Léxico: «acusmático»

E não é doença

      «O termo acusmático», lê-se num cartaz da Casa da Música que o leitor R. A. acabou de me mandar, «genericamente usado para definir sons cuja proveniência se desconhece, remonta ao filósofo e matemático grego Pitágoras, que enquanto dava aulas se escondia atrás de uma cortina negra para evitar que os seus gestos e movimentos distraíssem os alunos. Séculos mais tarde, a palavra “acusmático” passaria também a designar concertos onde se ouve música mas não há músicos.»
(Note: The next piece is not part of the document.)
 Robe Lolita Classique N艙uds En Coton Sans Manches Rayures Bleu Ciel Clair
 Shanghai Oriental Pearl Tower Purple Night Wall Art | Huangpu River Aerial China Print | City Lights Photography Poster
      Pitágoras falava atrás de uma cortina para que os seus discípulos não se distraíssem e se concentrassem somente no seu discurso. Era a estes discípulos que apenas o ouviam que se dava o nome de acusmáticos. Actualmente, diz também respeito a toda a música que se ouve, mas cuja fonte se desconhece — no fundo, a esmagadora maioria do que se ouve, pois ouve-se constantemente música e não temos músicos nem instrumentos à nossa frente. Ficava bem dizer agora alguma coisa sobre Pierre Schaeffer, mas tenho de deixar algum trabalho ao leitor, não é?
      O Dicionário da Língua Portuguesa da Porto Editora regista o termo, mas afirma que é o «que diz respeito a acusma» ou o «que padece de acusma». Acusma é, para este dicionário, a «alucinação auditiva em que se ouve[m] sons de vozes ou de instrumentos».